8vci

Publication Abstract from PubMed

The severe acute respiratory syndrome coronavirus 2 (SARS-CoV-2) frameshift stimulatory element (FSE) is necessary for programmed -1 ribosomal frameshifting (-1 PRF) and optimized viral efficacy. The FSE has an abundance of context-dependent alternate conformations, but two of the structures most crucial to -1 PRF are an attenuator hairpin and a three-stem H-type pseudoknot structure. A crystal structure of the pseudoknot alone features three RNA stems in a helically stacked linear structure, whereas a 6.9 A cryo-EM structure including the upstream heptameric slippery site resulted in a bend between two stems. Our previous research alluded to an extended upstream multibranch loop that includes both the attenuator hairpin and the slippery site-a conformation not previously modeled. We aim to provide further context to the SARS-CoV-2 FSE via computational and medium resolution cryo-EM approaches, by presenting a 6.1 A cryo-EM structure featuring a linear pseudoknot structure and a dynamic upstream multibranch loop.
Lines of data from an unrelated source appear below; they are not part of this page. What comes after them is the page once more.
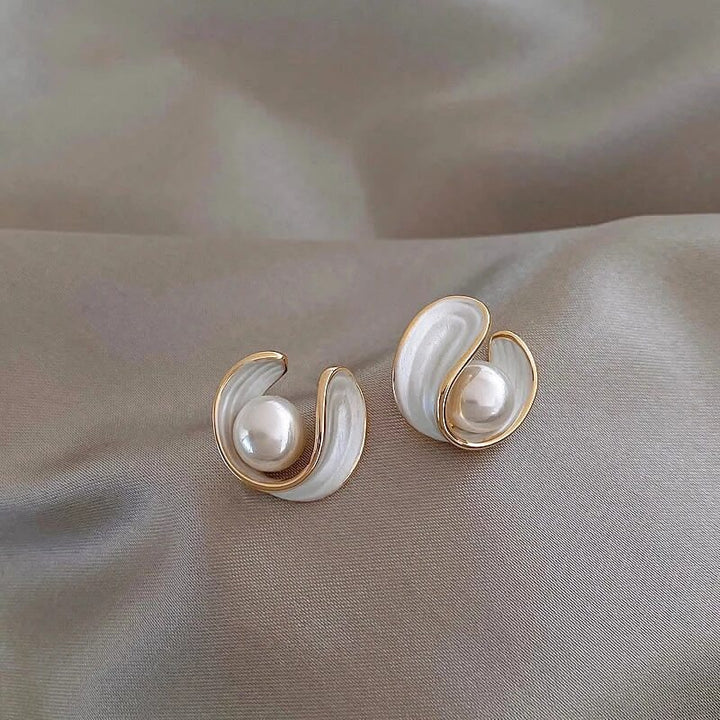 Luxurious earrings with white opal and pearls in gold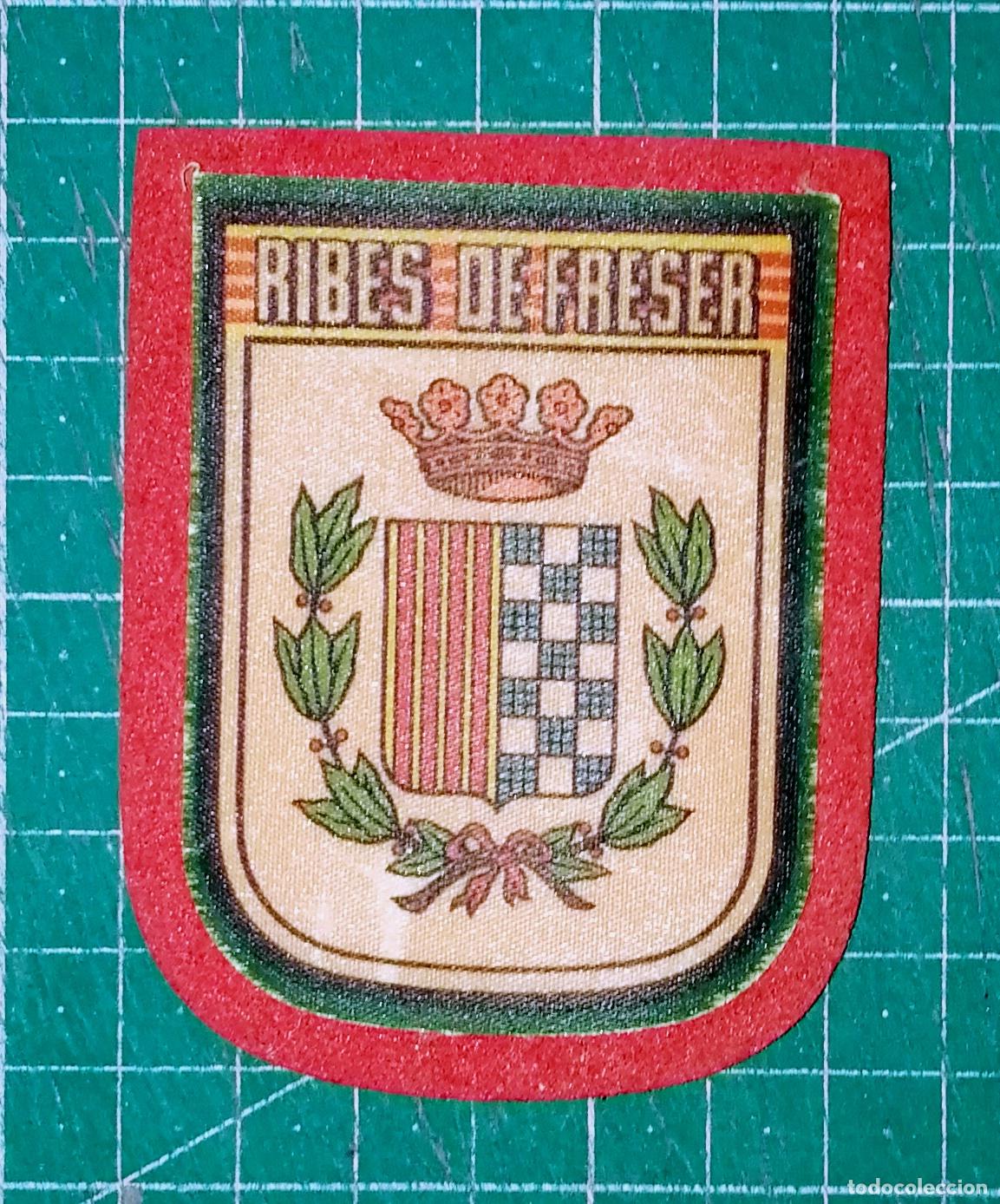 Coleccionismo: PARCHE. TELA. PAPEL SOBRE FIELTRO. ESCUDO RIBES DE FRESER. - 8x6 cm aprox.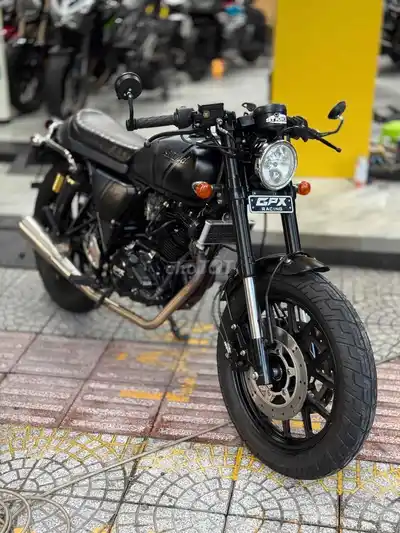 Мотоцикл GPX Legend 200 Cafe Racer, первый взнос 4 000 000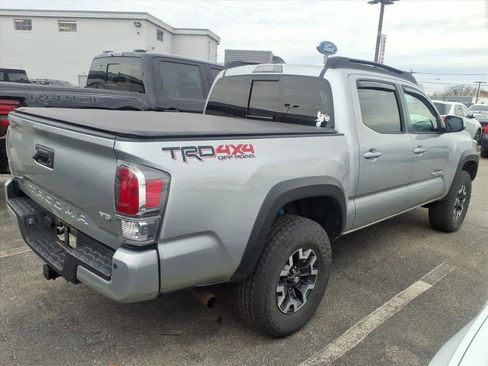 Used 2022 Toyota Tacoma TRD Off-Road image 8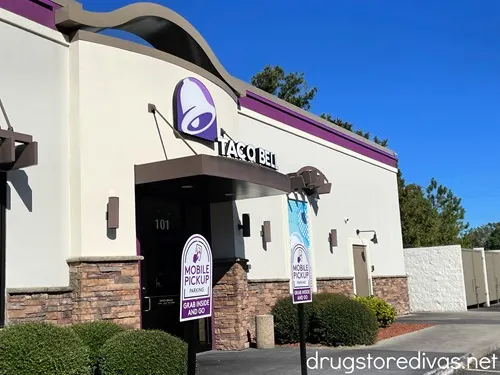 The outside of a Taco Bell restaurant.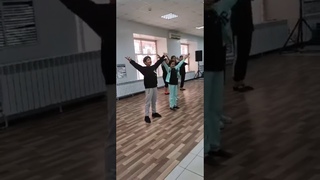 Роберт Багратян. Репетиция/Rehearsal в театре Звезда надежды. Армянская песня Нино ()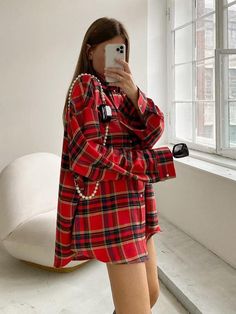 Oversized Plaid Shirt Women Street Style, Oversized Plaid Shirts, Plaid Shirt Women, Red Plaid Shirt, Gingham Shirt, Women Street, Oversized Blouse, Vintage Plaid, Fall Fashion Outfits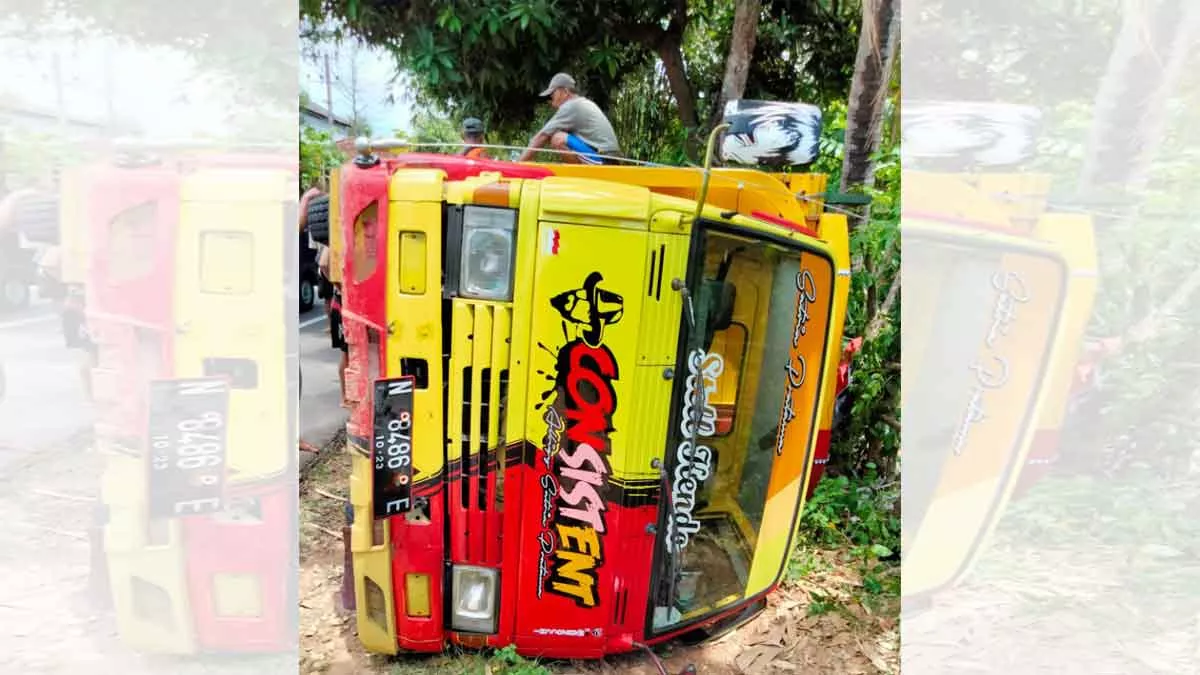 Bermuatan Asbes, Truk Guling di Gapura Sumenep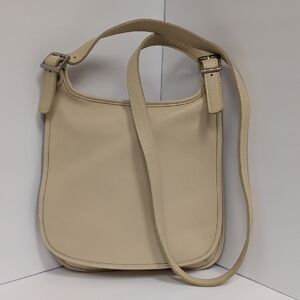 Vintage 90s Coach Saddle bag 9131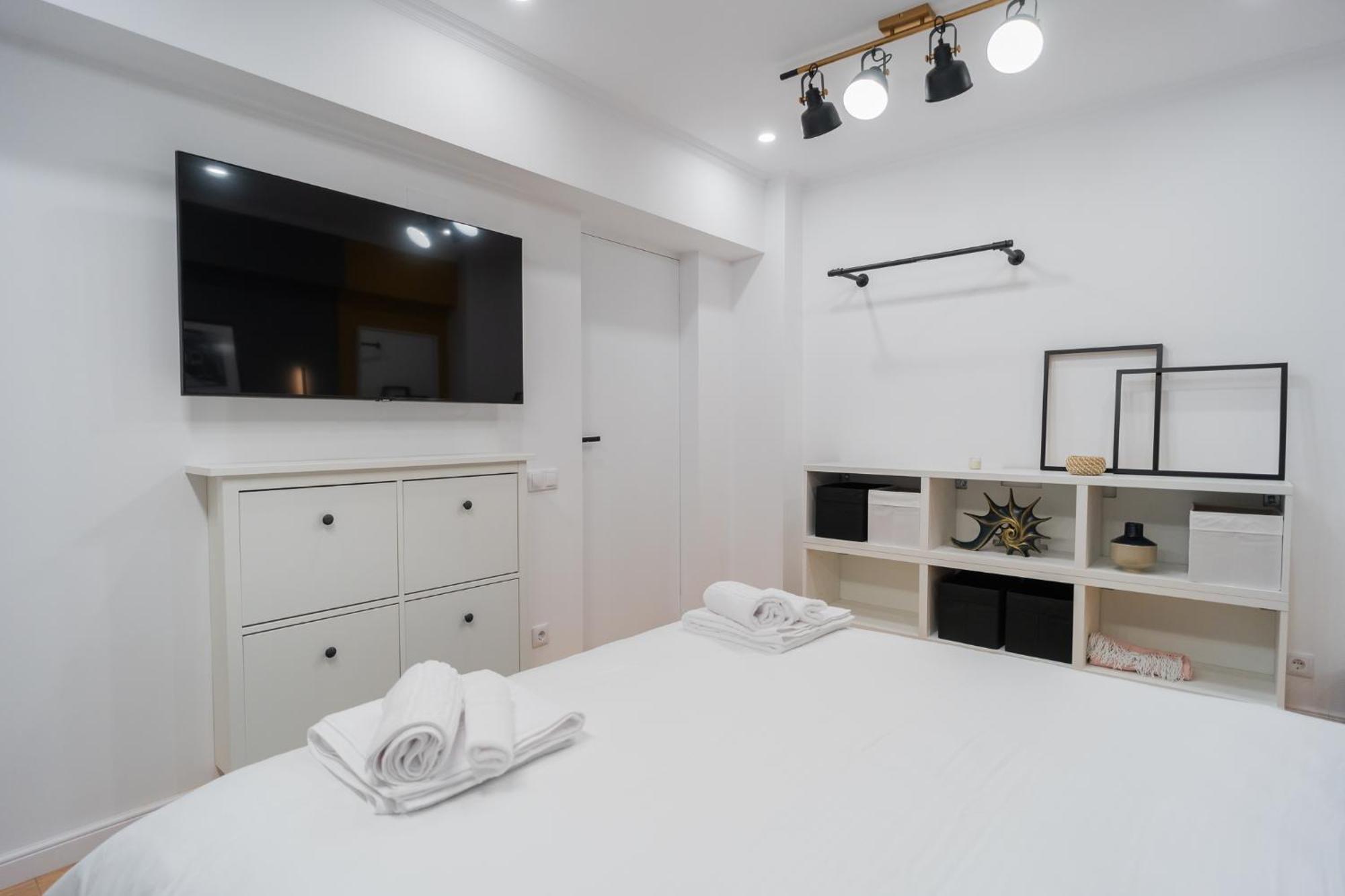 Urban Pearl - Old Town - Unique 4Br/3Ba Apartment Бухарест Экстерьер фото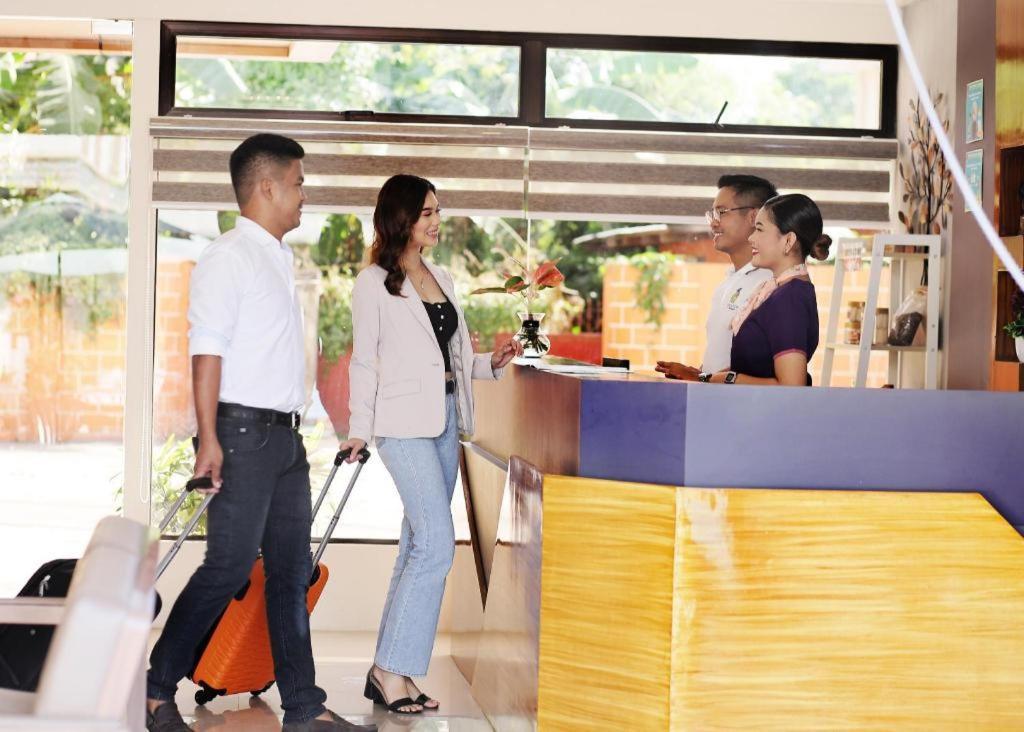 Aerostop Hotel & Restaurant Plaridel  Εξωτερικό φωτογραφία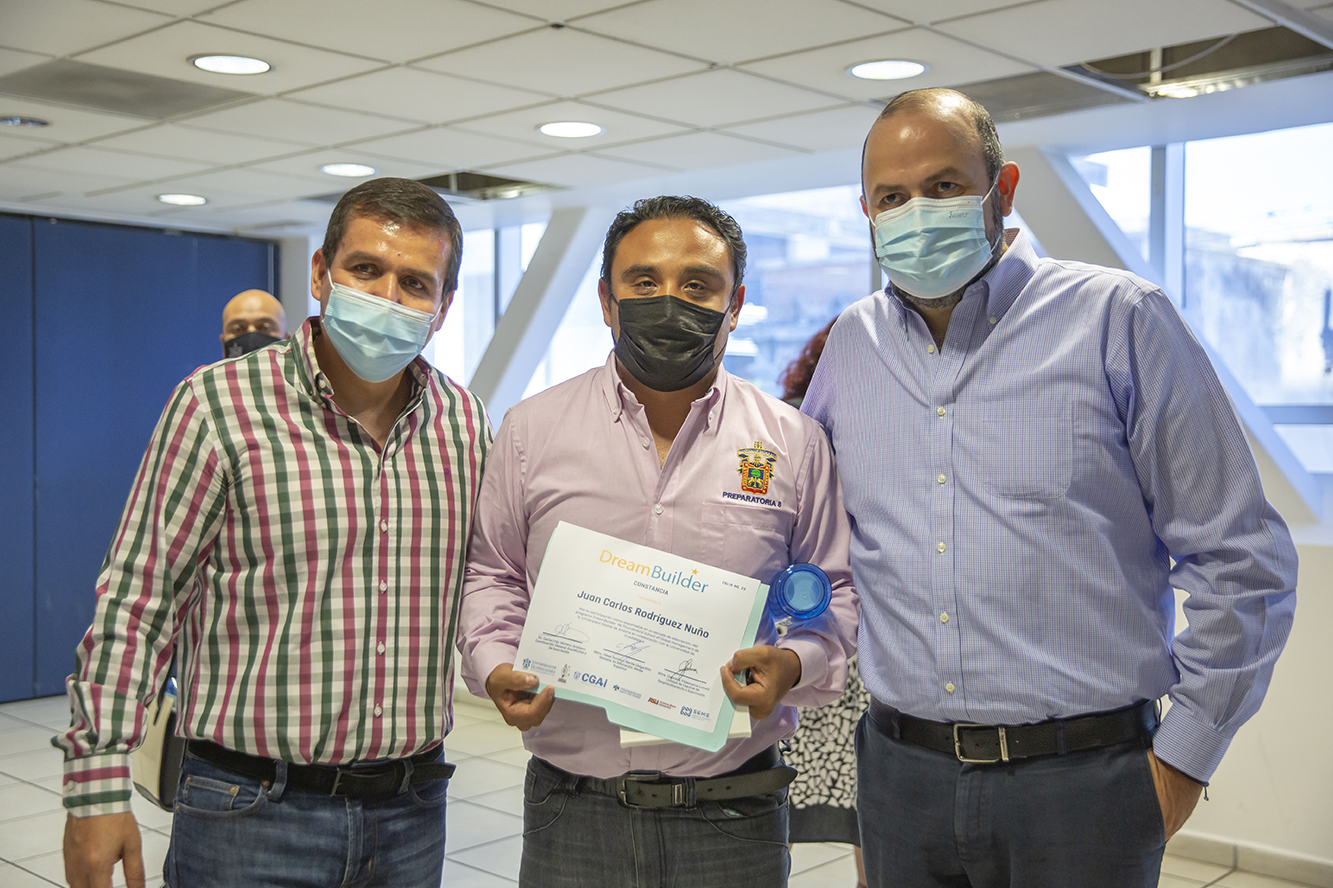 Participantes del evento muesstran su diploma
Structure of the SARS-CoV-2 Frameshift Stimulatory Element with an Upstream Multibranch Loop.,Peterson JM, Becker ST, O'Leary CA, Juneja P, Yang Y, Moss WN Biochemistry. 2024 May 21;63(10):1287-1296. doi: 10.1021/acs.biochem.3c00716. , Epub 2024 May 10. PMID:38727003^[1]

From MEDLINE®/PubMed®, a database of the U.S. National Library of Medicine.